[Caption-style text data]
== Segment start ==

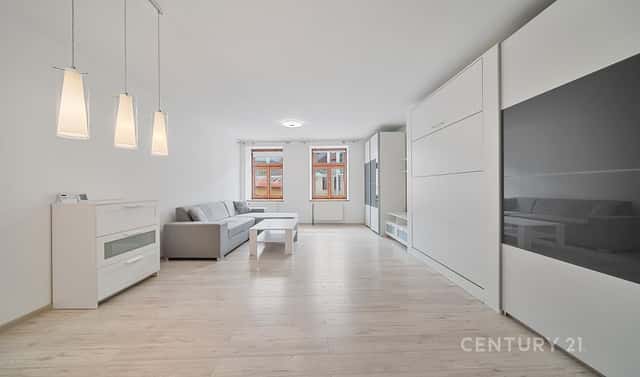 Pronájem bytu 1+kk 51 m², Starofarní, Mladá Boleslav – Mladá Boleslav I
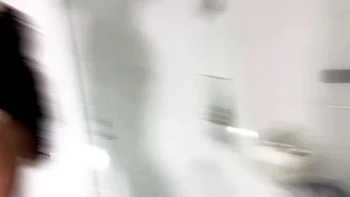 MILF aristocratique seins énormes sans culotte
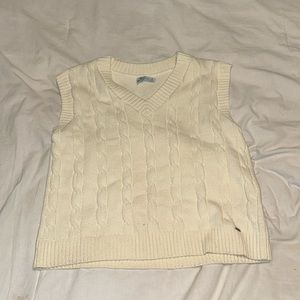 White Hollister sweater vest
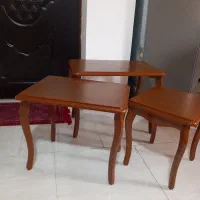 تعدادی میز عسلی
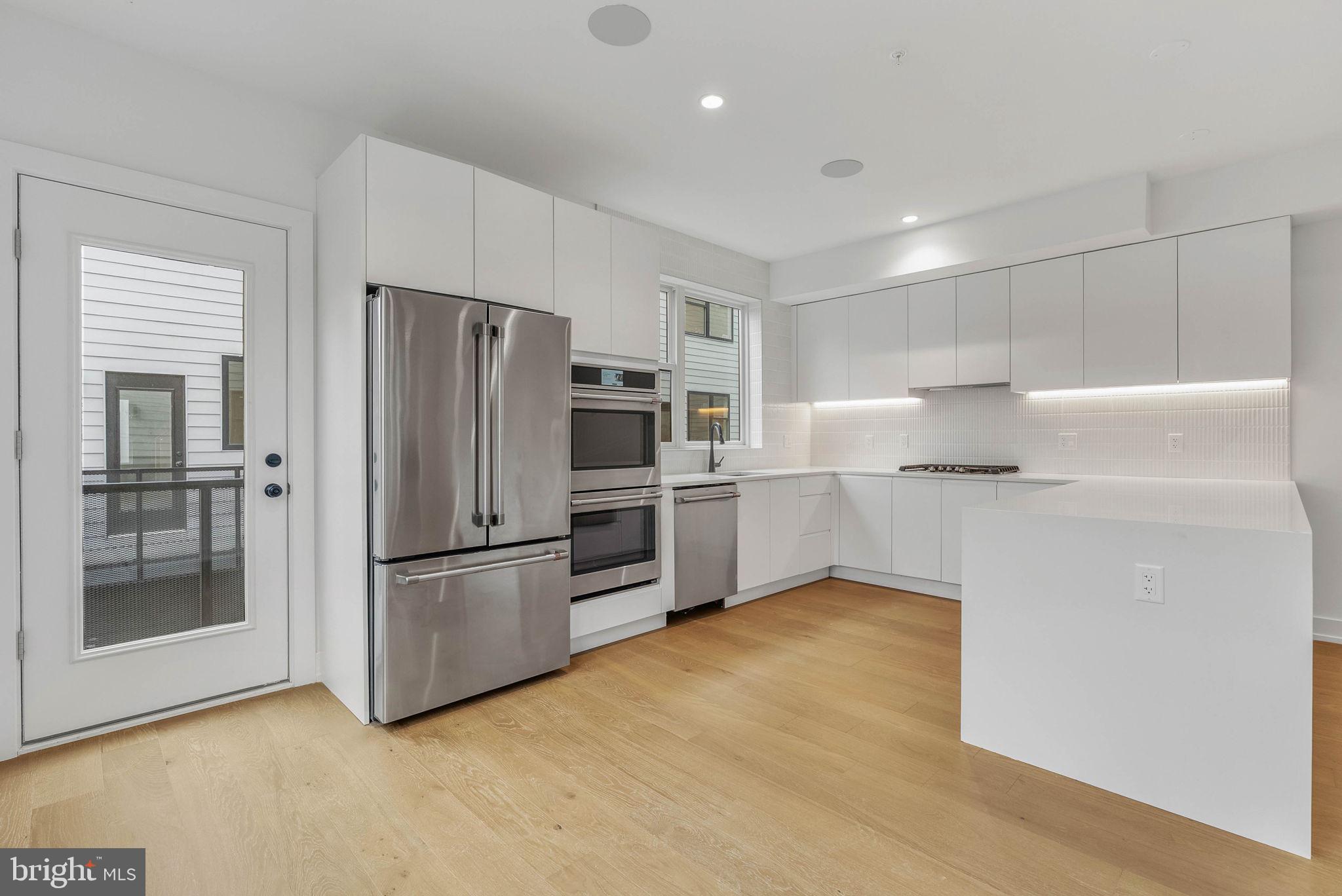 660 FAIRMOUNT AVENUE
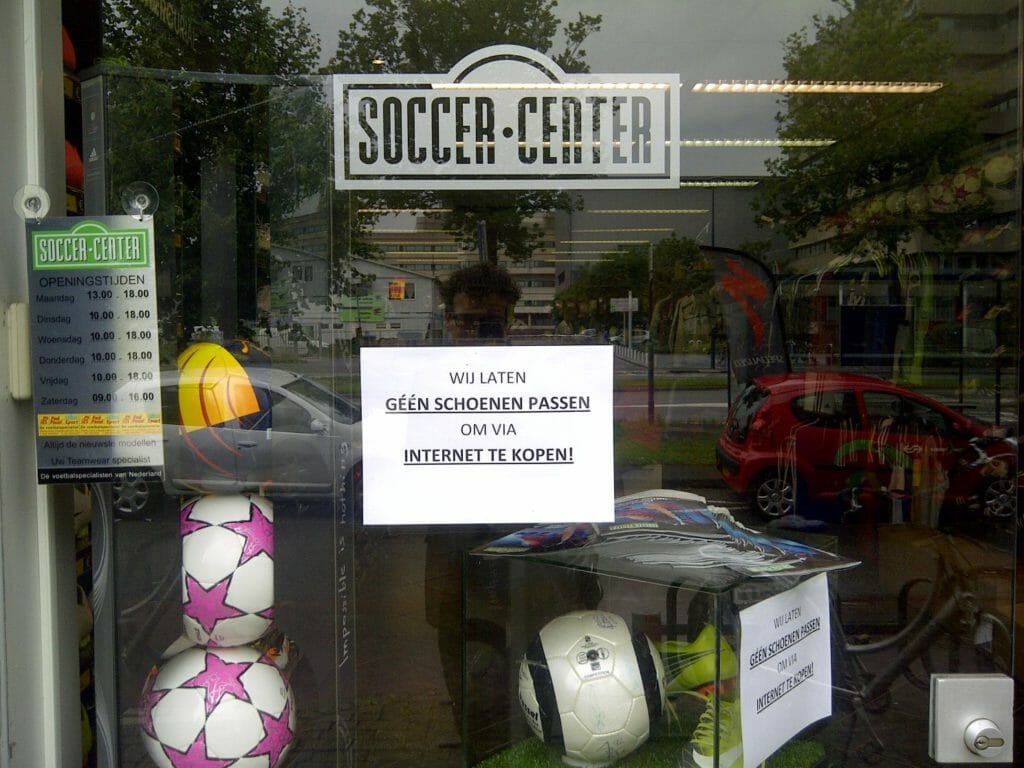 'Tech to make you look better'. Algoritmes nemen het shoppen over. Wat te doen als retailer? 1 schoenen passen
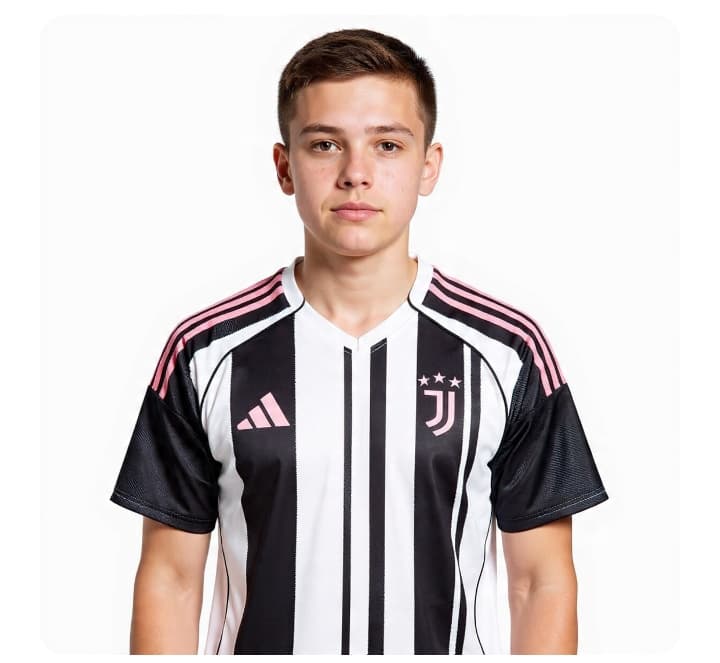{@}[james](698f199ef5dc7f523f87ed6f) é o novo reforço da Juventus 🤍🖤 O jogador será o mais novo colega de equipa de Gaita 🌟 E Itália c…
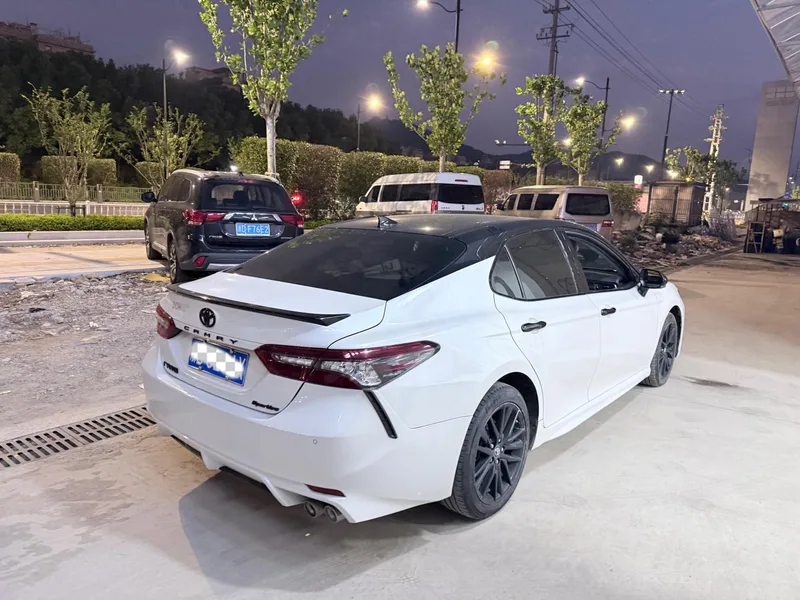 Toyota Camry 2022 2.0G Version de luxe intérieur photo 9 Toyota Camry 2022 2.0G Version de luxe intérieur photo 9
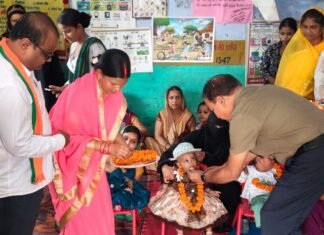 श्रावस्ती में गर्भवती महिलाओं की गोदभराई:छह माह के बच्चों का कराया अन्नप्राशन, सीएमओ ने दिए जरूरी सुझाव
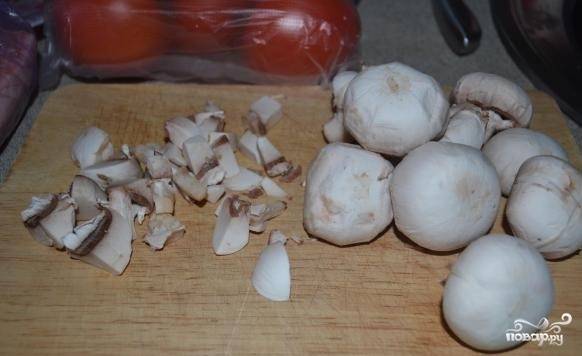 1.	Перед тем как приготовить грибной соус из шампиньонов со сливками, помойте грибы, очистите и порежьте их на кусочки.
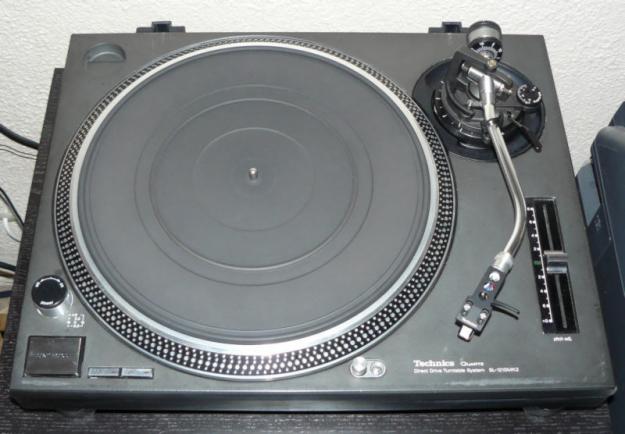 TECHNICS SL-1210 MK2 modelo negro+aguja estandard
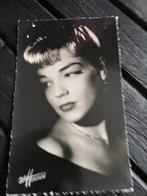 Filmster Simone Signoret, Ophalen of Verzenden, Zo goed als nieuw, Foto of Kaart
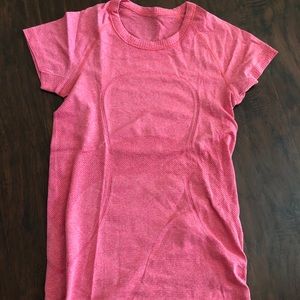 Lululemon wicking run top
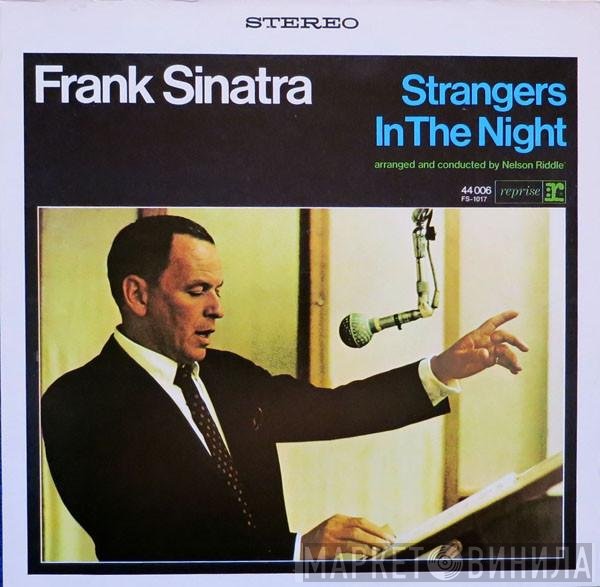 Frank Sinatra  - Strangers In The Night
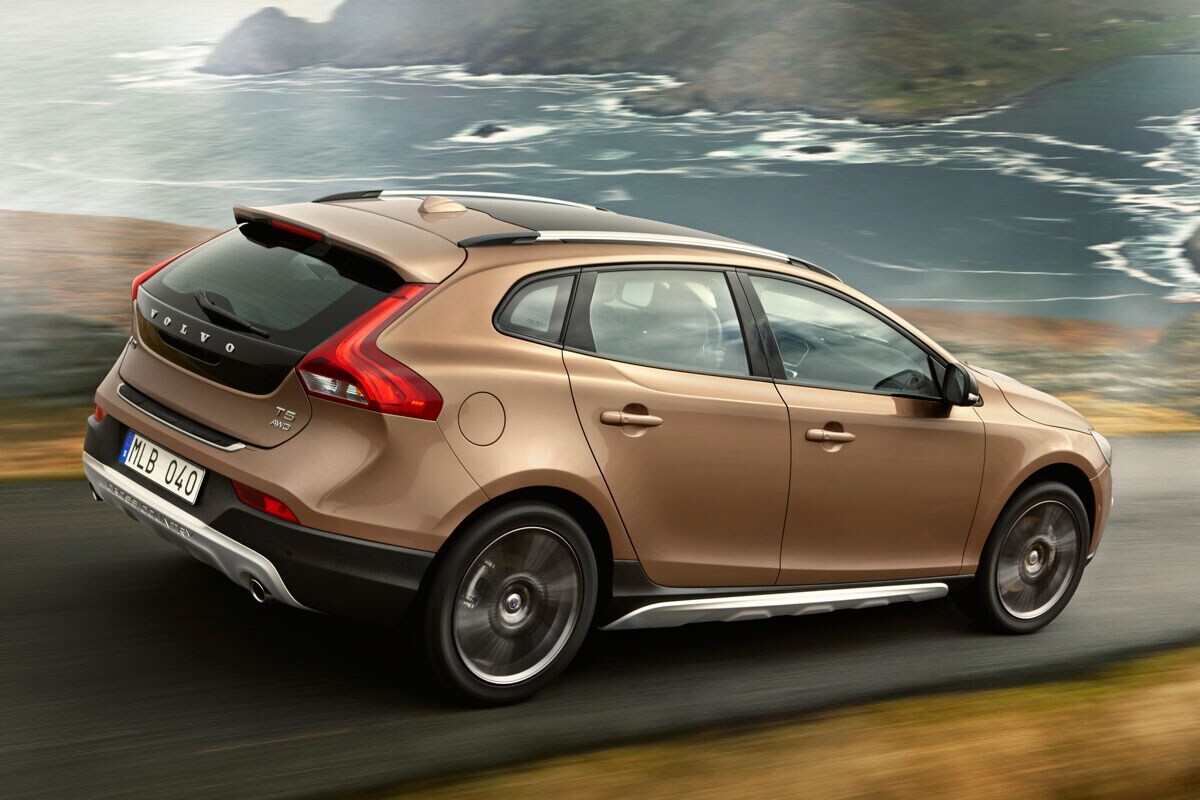 volvo v40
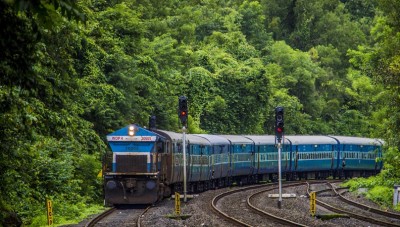 पश्चिम रेलवे ने बिना टिकट यात्रियों से कमाए 12 करोड़ रुपये, बना रिकॉर्ड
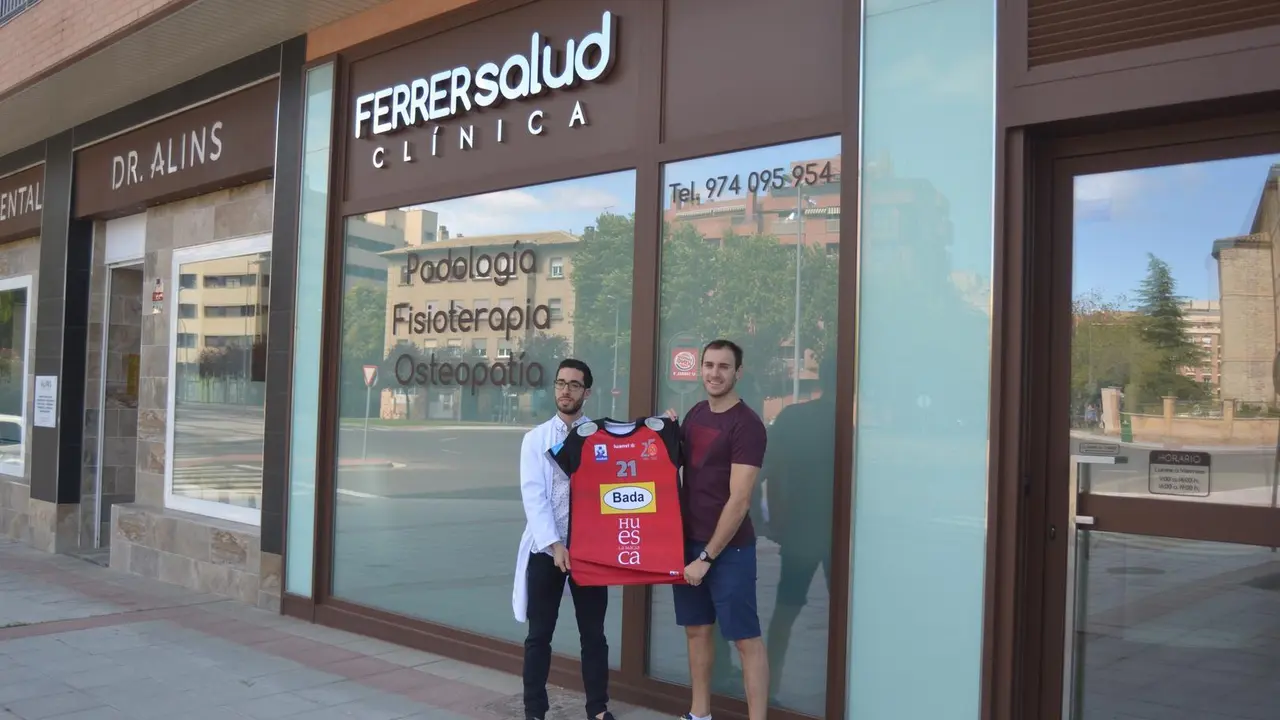 Oier con Sergio Ferrer a las puertas de la cl&iacute;nica Ferrer Salud que esta temporada patrocina al extremo vasco del Bada Huesca. Foto: Sportaragon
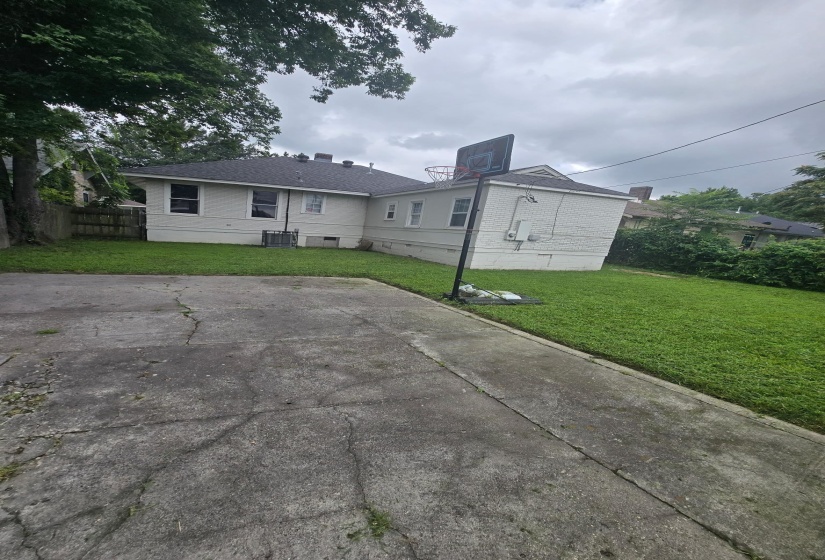 980 FAXON AVE, Memphis, Tennessee 38105, 3 Bedroom Bedrooms, 6 Room Rooms,2 BathroomBathrooms,Residential,For Sale,FAXON,0,10226488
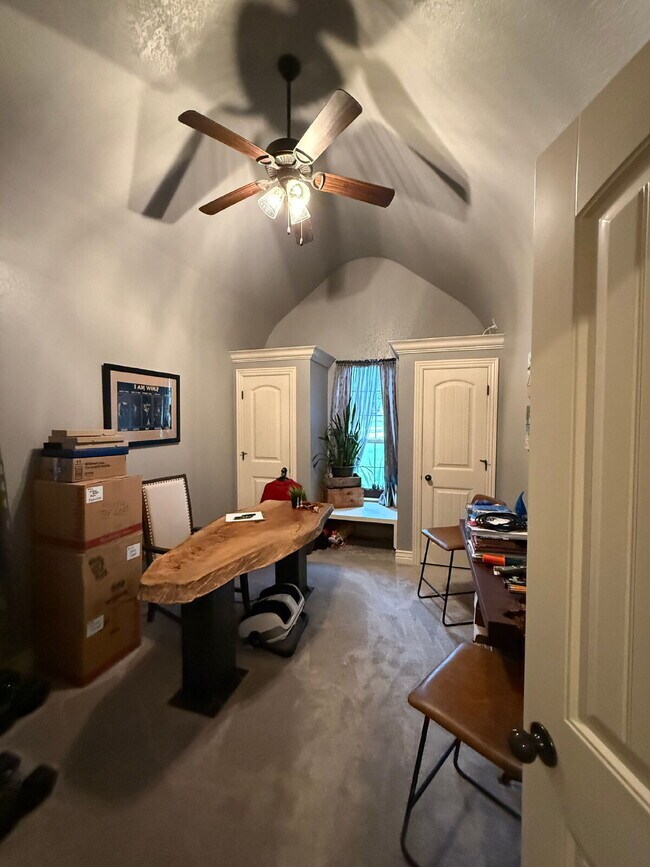 Building Photo - Pre-leasing for September - 5BR with all of the extras!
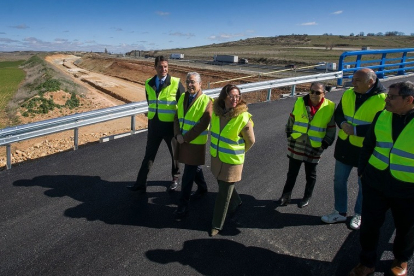La consejera de Movilidad, María González, visita las obras del ramal ferroviario que conectará el puerto seco de Villafría con la fábrica de Kronospan. TOMÁS ALONSO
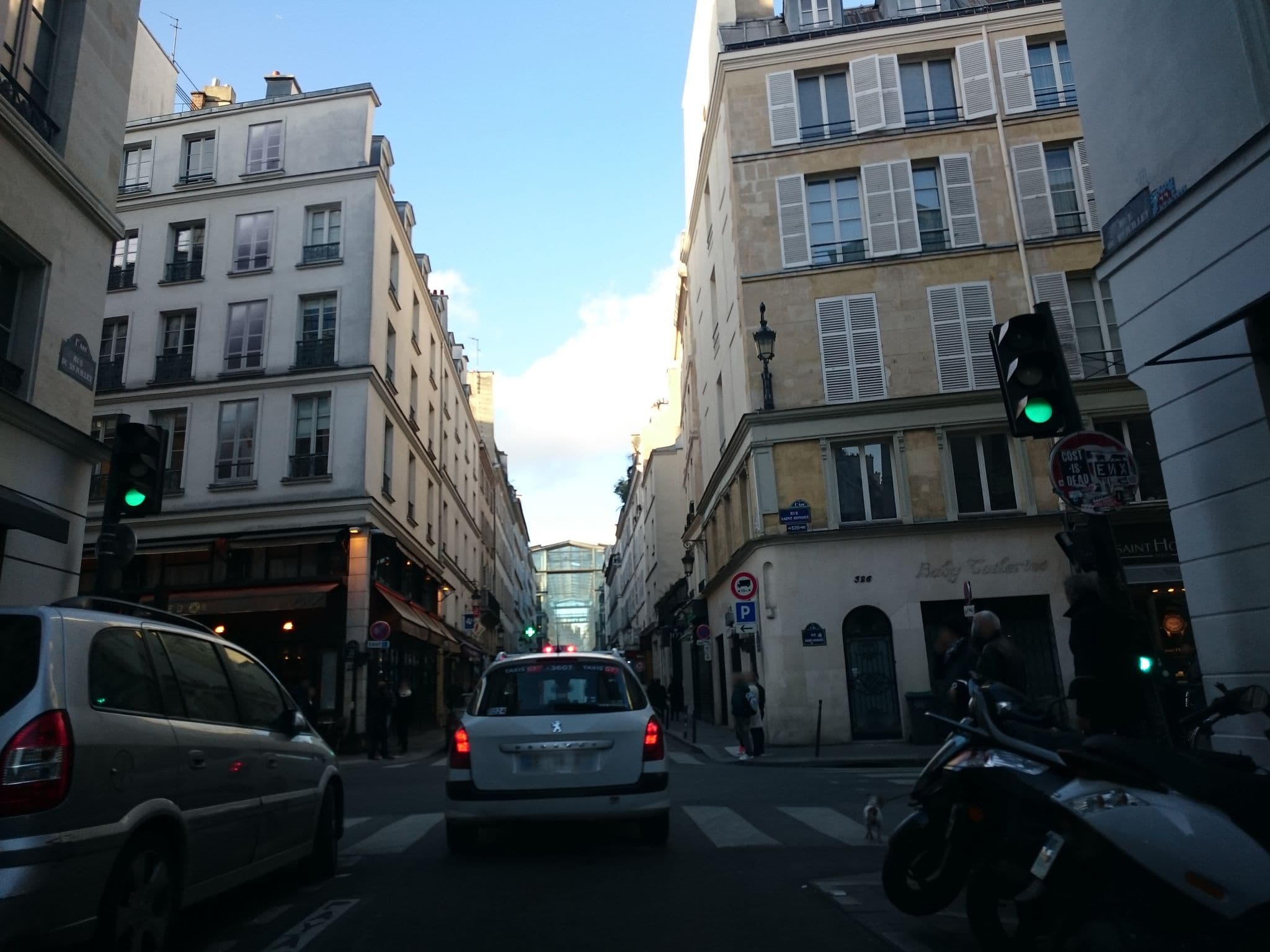 Street view near Paiko Aparthotel Paris, Paris 02 Bourse — © dhuyp (CC BY-SA · Mapillary)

== Segment end ==

### [WORK TASK]
Although pictures appear among the records above, write out exactly only the lines from the one that has "Filmster Simone Signoret, Ophalen" through the one that has "पश्चिम रेलवे ने", and leave the pictures out.

### [ANSWER BELOW]
 Filmster Simone Signoret, Ophalen of Verzenden, Zo goed als nieuw, Foto of Kaart
 Lululemon wicking run top
 Frank Sinatra  - Strangers In The Night
 volvo v40
 पश्चिम रेलवे ने बिना टिकट यात्रियों से कमाए 12 करोड़ रुपये, बना रिकॉर्ड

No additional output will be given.